§ What is required
A word-for-word restatement of every record is required.

§ Dataset
────
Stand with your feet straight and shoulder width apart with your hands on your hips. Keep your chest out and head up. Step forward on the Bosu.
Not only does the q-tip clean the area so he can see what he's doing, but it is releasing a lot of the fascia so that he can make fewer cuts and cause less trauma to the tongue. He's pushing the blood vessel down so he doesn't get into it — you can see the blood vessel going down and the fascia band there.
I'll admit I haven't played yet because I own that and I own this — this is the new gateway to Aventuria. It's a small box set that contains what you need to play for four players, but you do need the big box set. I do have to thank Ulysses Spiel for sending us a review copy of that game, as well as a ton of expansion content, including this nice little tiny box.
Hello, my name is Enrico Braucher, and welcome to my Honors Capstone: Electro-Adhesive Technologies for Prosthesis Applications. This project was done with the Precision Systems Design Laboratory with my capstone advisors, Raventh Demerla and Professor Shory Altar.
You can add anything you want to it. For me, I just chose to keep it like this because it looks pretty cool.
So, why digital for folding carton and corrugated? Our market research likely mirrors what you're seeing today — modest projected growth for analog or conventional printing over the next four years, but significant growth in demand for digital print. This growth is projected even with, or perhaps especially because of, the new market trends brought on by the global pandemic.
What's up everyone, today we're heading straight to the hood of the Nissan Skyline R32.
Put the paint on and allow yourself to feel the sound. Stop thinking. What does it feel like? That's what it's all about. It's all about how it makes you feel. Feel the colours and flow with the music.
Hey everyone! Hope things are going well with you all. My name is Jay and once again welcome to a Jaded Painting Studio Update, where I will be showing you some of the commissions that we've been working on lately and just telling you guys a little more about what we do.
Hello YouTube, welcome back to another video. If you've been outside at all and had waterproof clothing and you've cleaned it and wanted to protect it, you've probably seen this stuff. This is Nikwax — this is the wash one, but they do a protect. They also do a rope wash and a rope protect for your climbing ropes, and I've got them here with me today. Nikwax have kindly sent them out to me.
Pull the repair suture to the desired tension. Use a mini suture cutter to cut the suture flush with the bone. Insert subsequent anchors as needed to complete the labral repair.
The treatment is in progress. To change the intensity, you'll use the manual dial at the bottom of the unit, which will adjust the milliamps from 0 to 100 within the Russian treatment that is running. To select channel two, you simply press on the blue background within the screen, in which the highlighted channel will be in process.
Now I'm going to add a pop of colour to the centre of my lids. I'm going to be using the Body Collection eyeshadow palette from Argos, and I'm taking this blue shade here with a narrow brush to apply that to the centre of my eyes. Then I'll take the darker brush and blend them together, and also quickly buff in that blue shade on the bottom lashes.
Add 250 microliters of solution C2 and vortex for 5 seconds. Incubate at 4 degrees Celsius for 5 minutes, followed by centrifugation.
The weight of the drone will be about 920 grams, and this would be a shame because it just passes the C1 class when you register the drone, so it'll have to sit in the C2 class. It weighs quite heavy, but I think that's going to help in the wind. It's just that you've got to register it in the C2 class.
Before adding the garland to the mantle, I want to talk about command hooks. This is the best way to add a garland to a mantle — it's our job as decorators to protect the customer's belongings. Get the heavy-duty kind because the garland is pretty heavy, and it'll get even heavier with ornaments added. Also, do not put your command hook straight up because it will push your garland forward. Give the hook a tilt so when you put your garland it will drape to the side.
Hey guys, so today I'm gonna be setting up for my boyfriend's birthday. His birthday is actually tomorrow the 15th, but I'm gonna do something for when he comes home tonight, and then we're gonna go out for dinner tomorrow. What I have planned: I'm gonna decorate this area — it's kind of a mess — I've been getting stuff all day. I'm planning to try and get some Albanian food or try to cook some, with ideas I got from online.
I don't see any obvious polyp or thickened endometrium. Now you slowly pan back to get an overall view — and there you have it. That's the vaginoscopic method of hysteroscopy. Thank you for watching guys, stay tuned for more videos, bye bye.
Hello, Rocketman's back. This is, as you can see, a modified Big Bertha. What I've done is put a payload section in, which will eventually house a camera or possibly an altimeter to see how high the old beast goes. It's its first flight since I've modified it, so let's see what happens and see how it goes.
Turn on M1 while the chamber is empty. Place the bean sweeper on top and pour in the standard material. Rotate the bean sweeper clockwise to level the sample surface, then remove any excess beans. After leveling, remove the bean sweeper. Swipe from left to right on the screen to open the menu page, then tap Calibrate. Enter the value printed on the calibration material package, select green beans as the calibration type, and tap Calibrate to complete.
────
§ Solution to the problem
Stand with your feet straight and shoulder width apart with your hands on your hips. Keep your chest out and head up. Step forward on the Bosu.
Not only does the q-tip clean the area so he can see what he's doing, but it is releasing a lot of the fascia so that he can make fewer cuts and cause less trauma to the tongue. He's pushing the blood vessel down so he doesn't get into it — you can see the blood vessel going down and the fascia band there.
I'll admit I haven't played yet because I own that and I own this — this is the new gateway to Aventuria. It's a small box set that contains what you need to play for four players, but you do need the big box set. I do have to thank Ulysses Spiel for sending us a review copy of that game, as well as a ton of expansion content, including this nice little tiny box.
Hello, my name is Enrico Braucher, and welcome to my Honors Capstone: Electro-Adhesive Technologies for Prosthesis Applications. This project was done with the Precision Systems Design Laboratory with my capstone advisors, Raventh Demerla and Professor Shory Altar.
You can add anything you want to it. For me, I just chose to keep it like this because it looks pretty cool.
So, why digital for folding carton and corrugated? Our market research likely mirrors what you're seeing today — modest projected growth for analog or conventional printing over the next four years, but significant growth in demand for digital print. This growth is projected even with, or perhaps especially because of, the new market trends brought on by the global pandemic.
What's up everyone, today we're heading straight to the hood of the Nissan Skyline R32.
Put the paint on and allow yourself to feel the sound. Stop thinking. What does it feel like? That's what it's all about. It's all about how it makes you feel. Feel the colours and flow with the music.
Hey everyone! Hope things are going well with you all. My name is Jay and once again welcome to a Jaded Painting Studio Update, where I will be showing you some of the commissions that we've been working on lately and just telling you guys a little more about what we do.
Hello YouTube, welcome back to another video. If you've been outside at all and had waterproof clothing and you've cleaned it and wanted to protect it, you've probably seen this stuff. This is Nikwax — this is the wash one, but they do a protect. They also do a rope wash and a rope protect for your climbing ropes, and I've got them here with me today. Nikwax have kindly sent them out to me.
Pull the repair suture to the desired tension. Use a mini suture cutter to cut the suture flush with the bone. Insert subsequent anchors as needed to complete the labral repair.
The treatment is in progress. To change the intensity, you'll use the manual dial at the bottom of the unit, which will adjust the milliamps from 0 to 100 within the Russian treatment that is running. To select channel two, you simply press on the blue background within the screen, in which the highlighted channel will be in process.
Now I'm going to add a pop of colour to the centre of my lids. I'm going to be using the Body Collection eyeshadow palette from Argos, and I'm taking this blue shade here with a narrow brush to apply that to the centre of my eyes. Then I'll take the darker brush and blend them together, and also quickly buff in that blue shade on the bottom lashes.
Add 250 microliters of solution C2 and vortex for 5 seconds. Incubate at 4 degrees Celsius for 5 minutes, followed by centrifugation.
The weight of the drone will be about 920 grams, and this would be a shame because it just passes the C1 class when you register the drone, so it'll have to sit in the C2 class. It weighs quite heavy, but I think that's going to help in the wind. It's just that you've got to register it in the C2 class.
Before adding the garland to the mantle, I want to talk about command hooks. This is the best way to add a garland to a mantle — it's our job as decorators to protect the customer's belongings. Get the heavy-duty kind because the garland is pretty heavy, and it'll get even heavier with ornaments added. Also, do not put your command hook straight up because it will push your garland forward. Give the hook a tilt so when you put your garland it will drape to the side.
Hey guys, so today I'm gonna be setting up for my boyfriend's birthday. His birthday is actually tomorrow the 15th, but I'm gonna do something for when he comes home tonight, and then we're gonna go out for dinner tomorrow. What I have planned: I'm gonna decorate this area — it's kind of a mess — I've been getting stuff all day. I'm planning to try and get some Albanian food or try to cook some, with ideas I got from online.
I don't see any obvious polyp or thickened endometrium. Now you slowly pan back to get an overall view — and there you have it. That's the vaginoscopic method of hysteroscopy. Thank you for watching guys, stay tuned for more videos, bye bye.
Hello, Rocketman's back. This is, as you can see, a modified Big Bertha. What I've done is put a payload section in, which will eventually house a camera or possibly an altimeter to see how high the old beast goes. It's its first flight since I've modified it, so let's see what happens and see how it goes.
Turn on M1 while the chamber is empty. Place the bean sweeper on top and pour in the standard material. Rotate the bean sweeper clockwise to level the sample surface, then remove any excess beans. After leveling, remove the bean sweeper. Swipe from left to right on the screen to open the menu page, then tap Calibrate. Enter the value printed on the calibration material package, select green beans as the calibration type, and tap Calibrate to complete.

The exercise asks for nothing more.